Batteries make our world a more functional space, but they can also be hazardous depending on what they are made of and how we manage them. For example batteries can be:
- Swallowed by children causing death or serious injury (e.g. button cell batteries)
- Casues of electric shocks
Risks vary between battery types and models, so always check with the manufacture to find the most up-to-date safety information.
The following is some general tips and information to keep everyone safe. This information is general in nature and not intended for use by businesses or industry, but rather to inform individuals about possible risks and control measures. It is recommended that businesses and industry conduct their own risk assessments and develop in-house procedures to address the specific risks associated with their operations.
Button Batteries – Risk of swallowing
Product Safety Australia has detailed information on its website.

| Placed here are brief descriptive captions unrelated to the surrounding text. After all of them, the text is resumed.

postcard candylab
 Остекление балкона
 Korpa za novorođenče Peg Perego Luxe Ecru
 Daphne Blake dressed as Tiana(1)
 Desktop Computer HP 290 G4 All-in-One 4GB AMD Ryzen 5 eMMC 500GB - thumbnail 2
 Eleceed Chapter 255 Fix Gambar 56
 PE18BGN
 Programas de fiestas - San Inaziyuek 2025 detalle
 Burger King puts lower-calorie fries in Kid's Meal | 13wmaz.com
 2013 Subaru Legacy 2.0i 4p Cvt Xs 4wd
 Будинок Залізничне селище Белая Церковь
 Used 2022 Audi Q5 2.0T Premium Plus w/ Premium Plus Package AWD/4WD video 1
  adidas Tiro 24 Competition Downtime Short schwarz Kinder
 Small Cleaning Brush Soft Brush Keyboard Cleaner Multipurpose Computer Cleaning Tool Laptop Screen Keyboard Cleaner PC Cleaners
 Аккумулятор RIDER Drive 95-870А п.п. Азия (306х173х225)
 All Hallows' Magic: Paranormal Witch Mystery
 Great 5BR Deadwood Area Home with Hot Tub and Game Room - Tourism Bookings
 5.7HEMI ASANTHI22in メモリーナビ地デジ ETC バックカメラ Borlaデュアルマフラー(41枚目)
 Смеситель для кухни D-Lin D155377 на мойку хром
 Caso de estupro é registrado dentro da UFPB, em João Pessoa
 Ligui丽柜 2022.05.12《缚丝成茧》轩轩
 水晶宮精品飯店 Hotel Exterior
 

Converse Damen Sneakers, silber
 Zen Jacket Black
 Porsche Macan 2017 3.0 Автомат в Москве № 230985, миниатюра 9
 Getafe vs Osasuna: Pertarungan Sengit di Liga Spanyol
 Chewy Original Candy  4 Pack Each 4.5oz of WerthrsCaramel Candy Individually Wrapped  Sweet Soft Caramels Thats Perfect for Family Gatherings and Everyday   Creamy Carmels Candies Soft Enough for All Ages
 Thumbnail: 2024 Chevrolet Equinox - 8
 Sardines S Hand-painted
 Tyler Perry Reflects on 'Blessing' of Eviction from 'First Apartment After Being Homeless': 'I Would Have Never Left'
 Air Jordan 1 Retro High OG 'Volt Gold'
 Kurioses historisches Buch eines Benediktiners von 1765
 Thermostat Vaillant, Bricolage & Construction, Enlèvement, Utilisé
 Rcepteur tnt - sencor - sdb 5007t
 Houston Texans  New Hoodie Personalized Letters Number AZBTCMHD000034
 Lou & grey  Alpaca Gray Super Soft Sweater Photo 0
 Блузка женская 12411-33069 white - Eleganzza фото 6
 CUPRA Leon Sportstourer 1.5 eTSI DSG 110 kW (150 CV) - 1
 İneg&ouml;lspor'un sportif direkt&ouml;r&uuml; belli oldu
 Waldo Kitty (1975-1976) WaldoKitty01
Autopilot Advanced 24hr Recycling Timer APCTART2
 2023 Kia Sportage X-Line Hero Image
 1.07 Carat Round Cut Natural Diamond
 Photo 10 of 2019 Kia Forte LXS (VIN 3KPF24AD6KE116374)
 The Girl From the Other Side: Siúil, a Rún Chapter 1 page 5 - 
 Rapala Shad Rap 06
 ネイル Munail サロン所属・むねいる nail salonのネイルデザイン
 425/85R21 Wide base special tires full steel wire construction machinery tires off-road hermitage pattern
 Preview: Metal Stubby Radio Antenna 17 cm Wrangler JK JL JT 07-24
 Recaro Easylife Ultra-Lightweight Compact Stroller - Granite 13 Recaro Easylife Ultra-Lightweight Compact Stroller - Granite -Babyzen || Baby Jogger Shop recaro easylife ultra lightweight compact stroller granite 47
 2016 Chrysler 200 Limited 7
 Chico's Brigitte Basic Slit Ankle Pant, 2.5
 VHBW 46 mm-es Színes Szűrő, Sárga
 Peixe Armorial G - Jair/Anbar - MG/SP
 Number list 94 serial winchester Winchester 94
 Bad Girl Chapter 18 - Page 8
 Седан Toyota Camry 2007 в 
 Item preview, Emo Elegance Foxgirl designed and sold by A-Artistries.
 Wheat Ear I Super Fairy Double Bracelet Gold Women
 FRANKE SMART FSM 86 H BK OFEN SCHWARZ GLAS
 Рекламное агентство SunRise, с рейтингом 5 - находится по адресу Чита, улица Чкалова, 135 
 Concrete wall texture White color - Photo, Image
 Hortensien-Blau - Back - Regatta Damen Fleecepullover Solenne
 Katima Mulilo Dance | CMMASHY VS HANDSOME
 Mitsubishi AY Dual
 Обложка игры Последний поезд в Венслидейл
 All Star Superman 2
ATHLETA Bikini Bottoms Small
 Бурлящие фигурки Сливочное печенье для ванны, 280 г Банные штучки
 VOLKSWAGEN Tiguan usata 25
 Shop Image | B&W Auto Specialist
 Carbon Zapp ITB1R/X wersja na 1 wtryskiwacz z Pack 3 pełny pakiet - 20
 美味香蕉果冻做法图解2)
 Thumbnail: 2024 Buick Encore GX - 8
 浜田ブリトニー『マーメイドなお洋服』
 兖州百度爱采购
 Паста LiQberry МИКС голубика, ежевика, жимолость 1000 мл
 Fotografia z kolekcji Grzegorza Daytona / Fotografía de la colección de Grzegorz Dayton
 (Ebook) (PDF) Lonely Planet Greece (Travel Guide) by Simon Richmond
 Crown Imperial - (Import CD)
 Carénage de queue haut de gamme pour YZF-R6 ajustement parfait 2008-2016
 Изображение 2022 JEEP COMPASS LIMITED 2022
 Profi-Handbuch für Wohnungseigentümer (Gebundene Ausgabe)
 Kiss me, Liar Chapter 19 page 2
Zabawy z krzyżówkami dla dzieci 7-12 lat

If you suspect your child has swallowed or inserted a button battery, call the Poisons Information Centre immediately on 13 11 26 for 24/7 fast, expert advice. If your child is having any difficulty breathing, contact 000.
Minimising fire risks
Fire risk varies depending on chemistry type. Alkaline batteries have a low risk of flammability, while some lithium batteries have a high risk because he metal itself is very reactive.
What to do?
- Always store batteries in accordance with the manufacturers recommendations
- Ensure used batteries have both terminals (ends of the battery) covered with tape
- Dispose of them rather than leaving them lying around
- Find a place to drop off your used batteries
Please remember that risks vary between battery types and models, so always check with the manufacture to find the most up-to-date safety information.